I can’t imagine how any issues that you would have had with the null check would not be exacerbated by moving to use an Item. Assuming the problem was on of timing, it take a few milliseconds to set a variable to null. It takes up to a few hundred milliseconds for an Item to change state in response to a command. There is a lot of space in 100 msecs to end up in a situation where the Item has received the command ON but is not yet reflecting that state. This is why one usually sees a check for null instead.

Basically, with the null check method (start the timer when it is null) caused a race that two instances both saw it null and it started two timers. With the item, it’ll only start one because the flag changes from OFF to ON only once.

I decided to look at the openhab.log (not sure why I didn’t think about it before). It got a error on the restart timer that it was null, so that explains why the flag didn’t get turned off, so now it’s a different question. How could that be null? Is it actually possible for the timer to start, and get the the restart, before the variable actually gets set? Bizarre. How do timers fit in with the 5 threads for rules (more of a side/curiosity question). I had wondered if running the timer “now” would be a problem, but since the flag seemed to be working I left it that way.

You mentioned editing. “Orphaned” timers from a rules file edit are a known issue - the handle variable (your timer here) gets reinitialized and so no longer connects to the timer. Any existing timer job however continues to exist.

But …

That jogs a memory. I’m pretty sure that in past we have seen, perhaps on a suitably potent platform, a “now” timer beat the creation of its own reference.

fred = createTimer(now, [ |
     if (fred blah) // blowing up as fred not populated yet

Bear in mind fred is not “the” timer, just a handle or reference to it. The timer has to be fully created (and so ticking, ready to run) before the reference is returned to the variable.

Making it now + milliseconds is the obvious recourse.

Probably connected with …

They don’t.
The scheduler runs timer execution blocks from a pool of timer threads, quite separate from regular rules.
Hence there is mechanism for a timer code block to run ahead of the rule that is still creating it.

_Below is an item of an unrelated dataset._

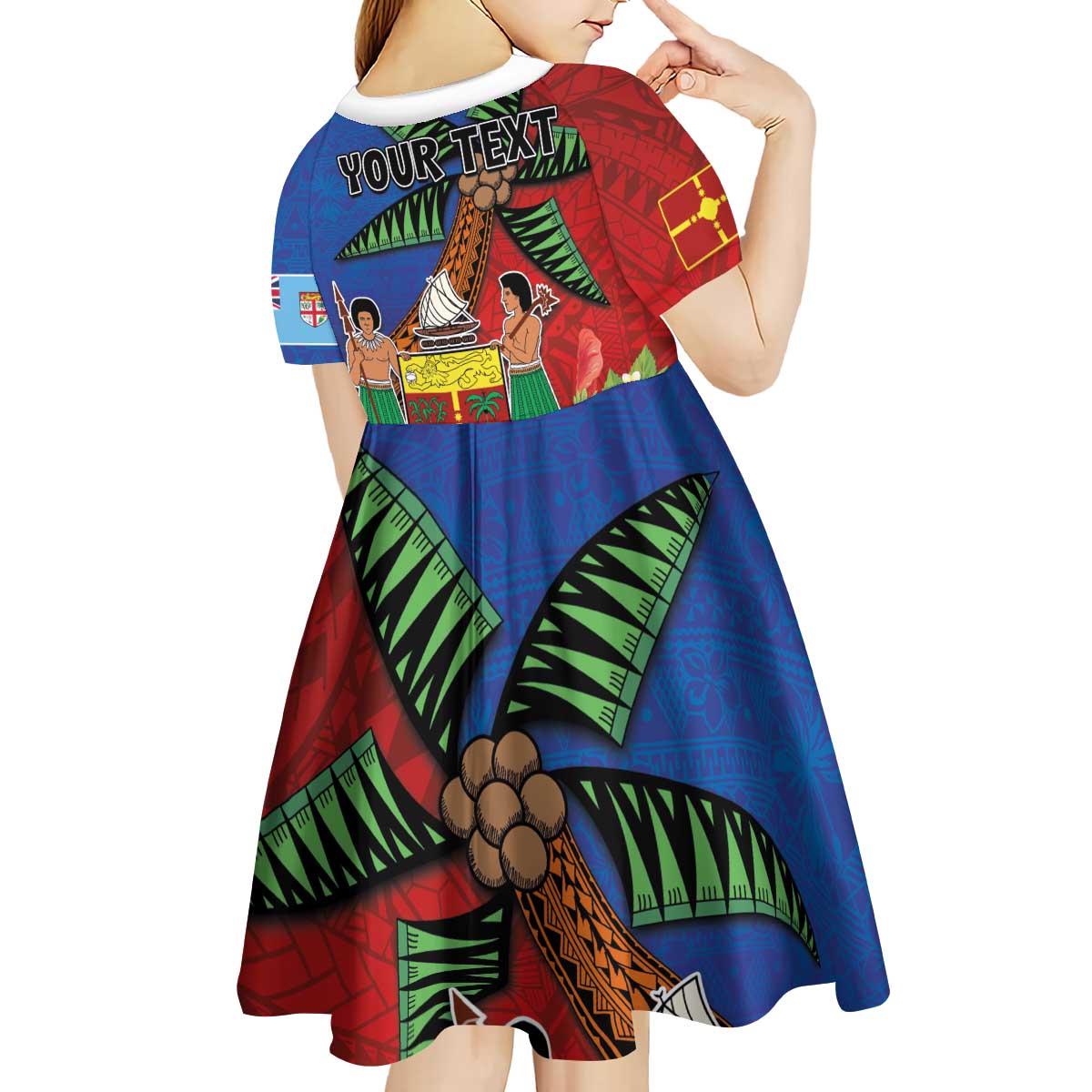 Personalised Fiji and Rotuma Together Kid Short Sleeve Dress Fjian Masi and Pacific Pattern Mix Culture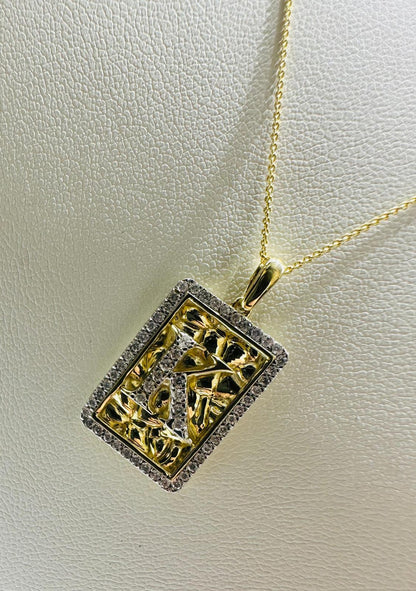 10K GOLD INTIAL LETTER "K" PENDANT DIAMOND SET- 0.25CT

I would call this a bug myself. The timer shouldn’t start until the variable is set. I’ll change all my now to a later time. What would you call the safe time to use? 10ms, 100ms?
Thanks.

It’s a limitation. Were I the author, I would argue it’s dimwitted usage to schedule a timer for ‘now’, since it will always run late.
Doesn’t matter as no-one is going to fix it, uh, now.
You have to be in stressful circumstances to even come across this issue.

I’d split the difference 50mS, it’s all guesswork. How desperately do you need to run the code “immediately”? That’s your decision, setting the upper limit.

This is going to Alexa, so even 1 second wouldn’t be an issue. I just don’t want to error to happen again. Thanks.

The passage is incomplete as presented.